Afin de planter les palmiers, des terres sont louées par les compagnies à leurs propriétaires pour des prix dérisoires. Selon Greenpeace, Herakles Farms aurait obtenu le prix de 0,5 dollar américain à l’hectare au Cameroun. [1] Le sol n’étant pas une ressource rare dans la ceinture tropicale, les compagnies n’ont pas de mal à faire accepter des contrats aux populations locales, elles-mêmes souvent demandeuses du palmier porteur de développement. [2]

 

Les gagnants et les perdants

Les agronomes A. Rival* et P. Levang* soulignent toutefois que les premiers à avoir investi dans le palmier à huile n’ont pas toujours été gagnants. Ils ont en effet dû s’endetter pour acheter leur concession et lancer l’exploitation, or l’arbre a besoin de quelques années pour atteindre sa maturité et sa pleine production. Les premières récoltes, décevantes, n’ont pas suffi pas à rembourser l’emprunt et à subvenir aux besoins de la famille. Les familles ont donc été obligées de vendre. Ceux qui ont racheté ces parcelles, souvent des transmigrants, ont alors profité d’arbres en pleine capacité de production et se sont enrichis, tandis que les premiers se rabattaient sur un emploi de manœuvre pour une compagnie. La rancœur envers les parvenus de la seconde génération est restée. [2]

 

Un mauvais développement

L’arrivée des plantations de palmier a précipité le changement de mode de vie des populations indigènes. Habituées à trouver dans la forêt leur source d’alimentation et de revenus, via la production restreinte de marchandises de haute valeur tirées des produits forestiers, le déboisement a conduit ces populations à la pauvreté.

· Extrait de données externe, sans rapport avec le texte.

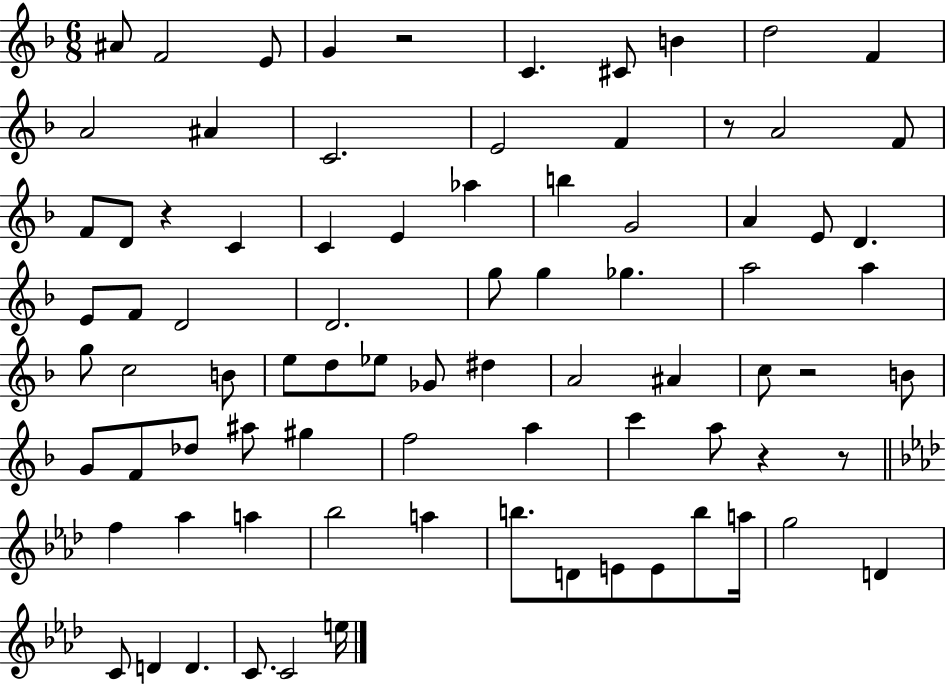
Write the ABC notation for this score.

X:1
T:Untitled
M:6/8
L:1/4
K:F
^A/2 F2 E/2 G z2 C ^C/2 B d2 F A2 ^A C2 E2 F z/2 A2 F/2 F/2 D/2 z C C E _a b G2 A E/2 D E/2 F/2 D2 D2 g/2 g _g a2 a g/2 c2 B/2 e/2 d/2 _e/2 _G/2 ^d A2 ^A c/2 z2 B/2 G/2 F/2 _d/2 ^a/2 ^g f2 a c' a/2 z z/2 f _a a _b2 a b/2 D/2 E/2 E/2 b/2 a/4 g2 D C/2 D D C/2 C2 e/4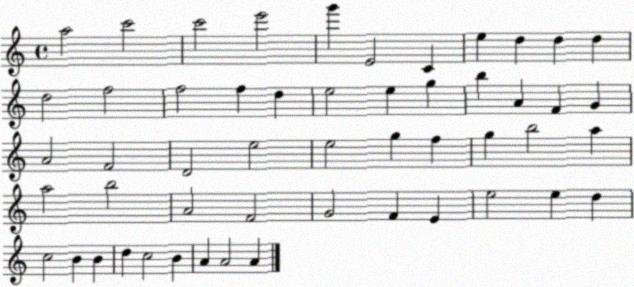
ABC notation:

X:1
T:Untitled
M:4/4
L:1/4
K:C
a2 c'2 c'2 e'2 g' E2 C e d d d d2 f2 f2 f d e2 e g b A F G A2 F2 D2 e2 e2 g f g b2 a a2 b2 A2 F2 G2 F E e2 e d c2 B B d c2 B A A2 A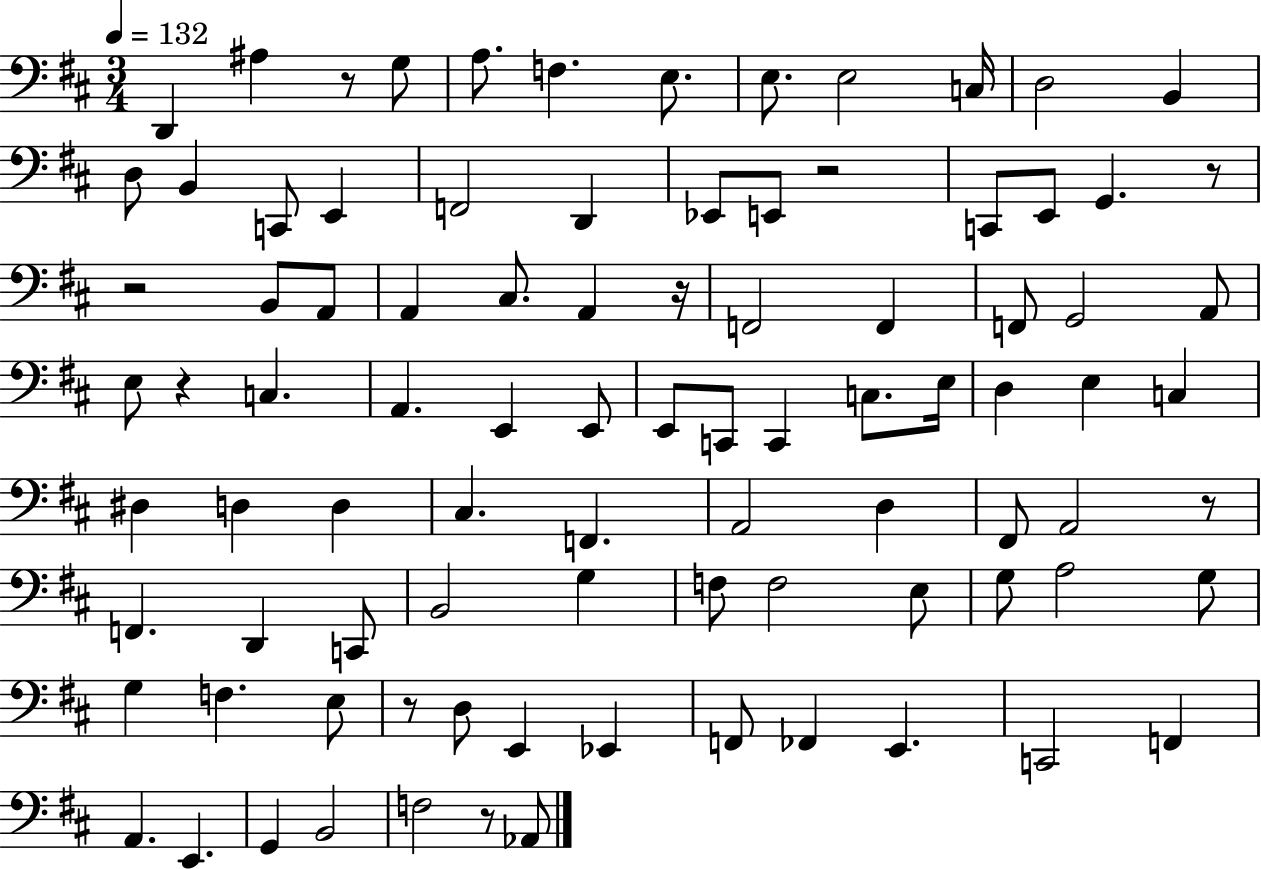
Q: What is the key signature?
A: D major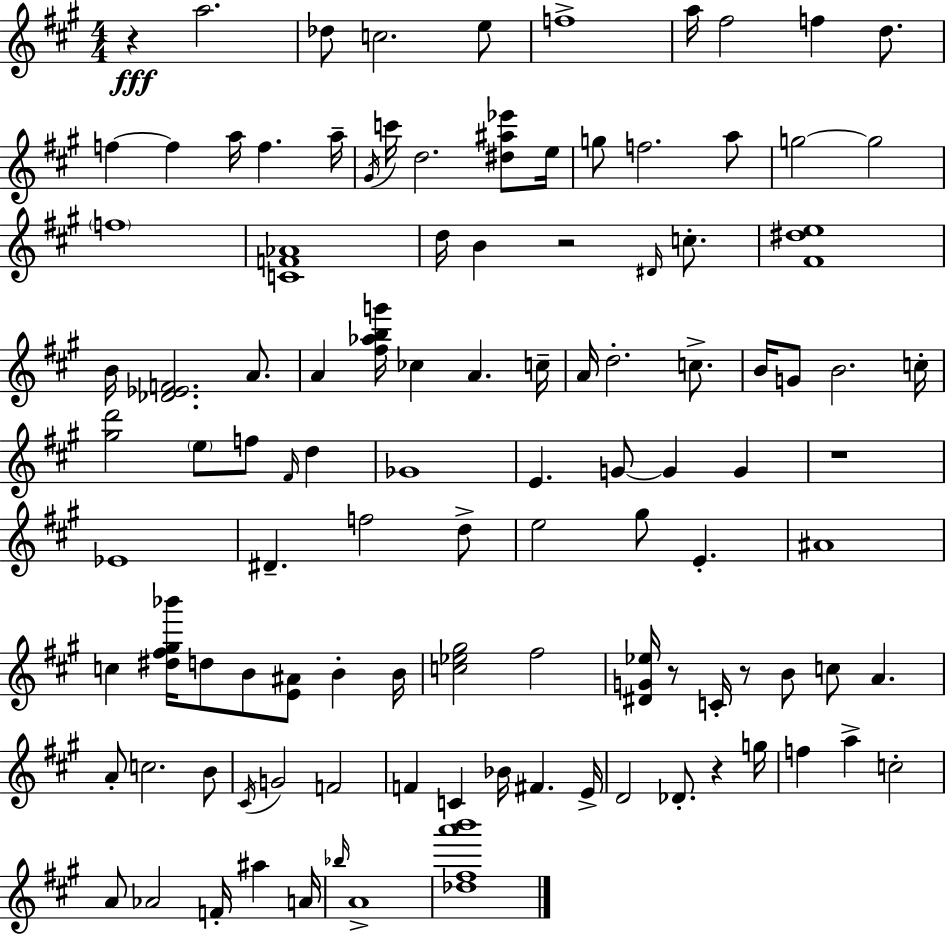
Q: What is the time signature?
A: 4/4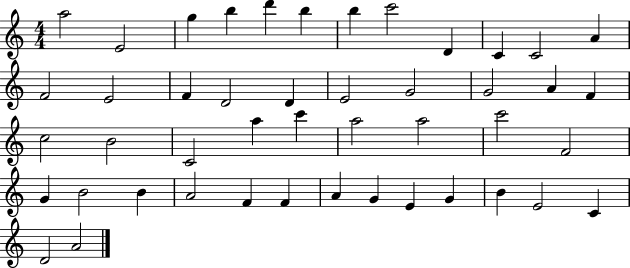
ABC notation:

X:1
T:Untitled
M:4/4
L:1/4
K:C
a2 E2 g b d' b b c'2 D C C2 A F2 E2 F D2 D E2 G2 G2 A F c2 B2 C2 a c' a2 a2 c'2 F2 G B2 B A2 F F A G E G B E2 C D2 A2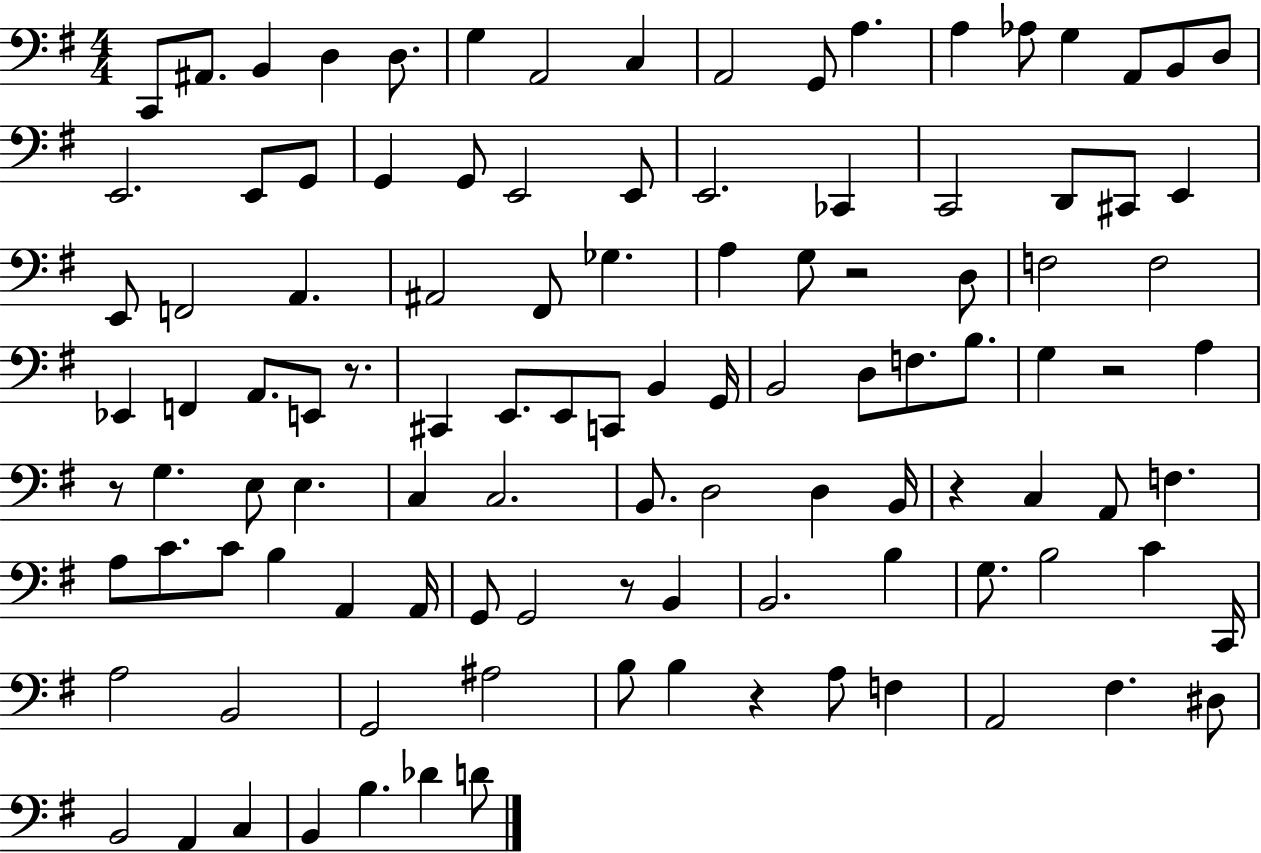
C2/e A#2/e. B2/q D3/q D3/e. G3/q A2/h C3/q A2/h G2/e A3/q. A3/q Ab3/e G3/q A2/e B2/e D3/e E2/h. E2/e G2/e G2/q G2/e E2/h E2/e E2/h. CES2/q C2/h D2/e C#2/e E2/q E2/e F2/h A2/q. A#2/h F#2/e Gb3/q. A3/q G3/e R/h D3/e F3/h F3/h Eb2/q F2/q A2/e. E2/e R/e. C#2/q E2/e. E2/e C2/e B2/q G2/s B2/h D3/e F3/e. B3/e. G3/q R/h A3/q R/e G3/q. E3/e E3/q. C3/q C3/h. B2/e. D3/h D3/q B2/s R/q C3/q A2/e F3/q. A3/e C4/e. C4/e B3/q A2/q A2/s G2/e G2/h R/e B2/q B2/h. B3/q G3/e. B3/h C4/q C2/s A3/h B2/h G2/h A#3/h B3/e B3/q R/q A3/e F3/q A2/h F#3/q. D#3/e B2/h A2/q C3/q B2/q B3/q. Db4/q D4/e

Leur unique recours a alors été de se faire embaucher dans les plantations ou de les accepter sur leurs terres contre rémunération, rapportent les ONG. On peut ainsi lire dans un rapport commandé par Les Amis de la Terre* : « Many of the natural resources are removed, the land is fully and permanently misappropriated, a monoculture export oriented crop is planted and a100% cash-based economy is introduced. » (Une grande partie des ressources naturelles leur est enlevée, la terre est complètement, et de façon permanente, détournée de sa vocation originelle, une monoculture à destination de l’export est implantée et une économie basée à 100% sur l’argent est instaurée). [3]

 

Des promesses non tenues

Concernant les infrastructures, un reportage de World Rainforest Movement* semble indiquer que les promesses des industriels ne sont pas respectées. De multiples témoignages rassemblés dans différents pays d’Afrique rapportent la même constatation : la firme se contente du minimum. L’eau courante n’est pas installée, les bâtiments devant héberger des centres de soin sont construits mais laissés vides… [4]

 

En savoir plus sur les conditions de vie des travailleurs.

 

En savoir plus sur le développement induit par la présence du palmier.

 

 

*Greenpeace : ONG environnementaliste luttant dans des domaines aussi variés que la déforestation, le nucléaire ou la protection des océans, d’abord par l’enquête et la concertation, puis l’alerte au grand public via des actions, souvent médiatiques – et médiatisées – qui visent à faire pression sur les industriels.

*Oakland Institute : Think Tank indépendant produisant des documents analytiques sur des sujets de société, d’économie ou d’environnement. Ses recherches sont financées par des donateurs privés ou des entreprises.

*Alain Rival : Agronome, correspondant pour la filière « Palmier à huile » au sein du CIRAD (Centre de coopération Internationale en Recherche Agronomique pour le Développement).

*Patrice Levang : Agronome et économiste, directeur de recherche à l’IRD (Institut de Recherche pour le Développement).

*Les Amis de la Terre – Friends of the Earth : ONG environnementaliste cherchant à réparer les dégâts causés par l’homme sur la nature et promouvant en particulier la participation de la société civile dans la prise de décision autour de la gestion des ressources naturelles.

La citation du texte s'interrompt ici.